To remind you, the OTLT table typically looks something like this, with entries from multiple domains thrown into the same table.
need help with subtype supertype
I agree with anti-OTLT group; these tables introduce numerous issues. While this is a valid point, it is not one that I usually think of when creating a new data model. Koirala has a couple of OLAP design items that are generally not mentioned in other best practice lists. His inclusion of a dimension and fact design may be useful, but it could also be dangerous for newbie designers. This article is interesting if you are moving from beginning into more advanced data modeling. It will help you consider the analytic versus transactional nature of your future models.
He shows how to check for proper normalization: Over-normalization will have a negative impact on database performance. Also, using natural business keys rather than generated primary keys is sound advice when you want to avoid translating from a business key to a generated row ID for each database access.
MySQL - Supertype/Subtype design - Stack Overflow
Using proper naming standards and column types is also good advice. The point about the overuse of nullable columns is sound: Are all the columns NULLable? Within the database columns definitions good data domains, ranges and values should be analyzed, evaluated and prototyped for the business application. Having good default values, a limited scope of values and always a value are best for performance and application logic. Make sure your database design represents data that is known and only uses a minimum of NULLable columns.

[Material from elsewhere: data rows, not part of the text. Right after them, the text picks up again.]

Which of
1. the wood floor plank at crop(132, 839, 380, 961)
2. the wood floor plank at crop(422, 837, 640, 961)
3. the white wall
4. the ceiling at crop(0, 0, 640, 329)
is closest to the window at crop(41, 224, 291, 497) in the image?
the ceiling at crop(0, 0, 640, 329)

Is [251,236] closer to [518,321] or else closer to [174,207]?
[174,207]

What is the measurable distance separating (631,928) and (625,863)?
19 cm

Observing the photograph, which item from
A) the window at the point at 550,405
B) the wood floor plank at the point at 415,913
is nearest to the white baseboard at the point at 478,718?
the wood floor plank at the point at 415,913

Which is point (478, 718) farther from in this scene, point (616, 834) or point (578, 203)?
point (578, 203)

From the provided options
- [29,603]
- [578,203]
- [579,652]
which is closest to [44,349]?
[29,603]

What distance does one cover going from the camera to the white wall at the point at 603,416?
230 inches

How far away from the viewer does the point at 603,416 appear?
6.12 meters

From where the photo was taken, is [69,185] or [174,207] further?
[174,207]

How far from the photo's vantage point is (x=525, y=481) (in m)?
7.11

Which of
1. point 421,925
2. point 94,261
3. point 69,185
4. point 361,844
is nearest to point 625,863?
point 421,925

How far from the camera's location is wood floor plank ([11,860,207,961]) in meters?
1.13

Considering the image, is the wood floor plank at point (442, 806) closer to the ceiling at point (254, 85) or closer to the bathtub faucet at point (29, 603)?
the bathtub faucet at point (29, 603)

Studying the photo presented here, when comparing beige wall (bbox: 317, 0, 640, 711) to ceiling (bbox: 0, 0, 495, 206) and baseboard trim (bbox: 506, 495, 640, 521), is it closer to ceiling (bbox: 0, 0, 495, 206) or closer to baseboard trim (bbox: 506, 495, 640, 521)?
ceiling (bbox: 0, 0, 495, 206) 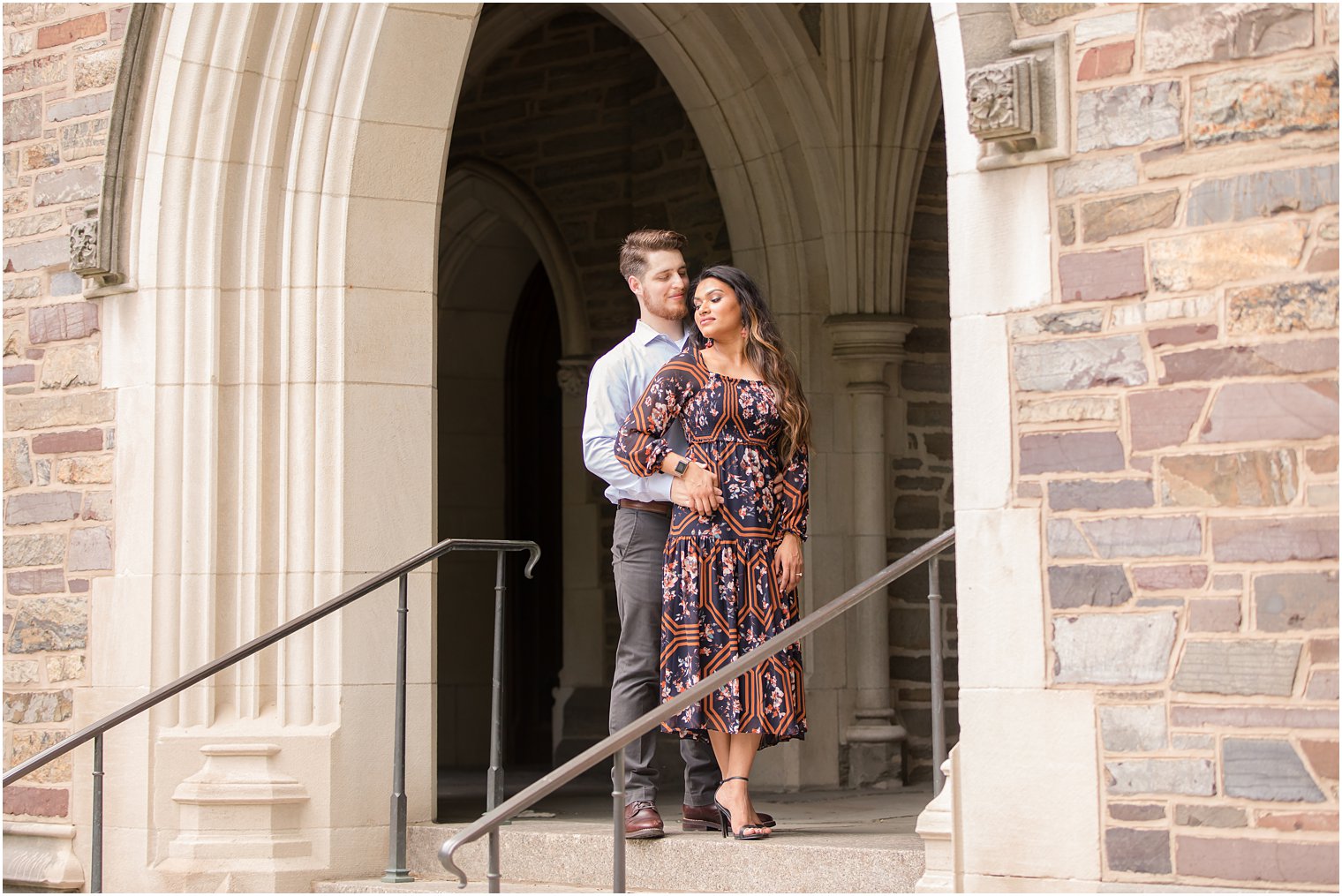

Disjoint and reflexive relationships in Access
In the end, I felt that the article lacked both depth and breadth, and had no examples to clarify the points. However, he does offer valuable advice related to normalization and natural keys. All includes information from seasoned developers, such as Michael Blaha.
He encourages the reuse of your best practices and patterns. These are understood and proven, and in that respect preferable to data models that must be created from scratch. For example, I often reverse engineer databases — databases of an application to be replaced as well as databases of related applications.
These existing databases often do not have an available data model. But a data model is implicit in the database schema and can be at least partially extracted with database reverse engineering techniques. This is a short slide show that data model designers can quickly scan through and glean the tips that resonate with them. For me, the re-use tip is one of my favorites.
These best practices started off just fine, but then got into some sticky issues. I am not convinced the advice offered is always on point. A previous author wrote: Names are not unique, and many seemingly unique identifiers such as Social Security numbers actually are not, due to real-world data reliability problems. This is a rather pat answer to a complex issue, though it is one that will suffice in a number of cases and is at least preferable to having no PrimaryKey at all.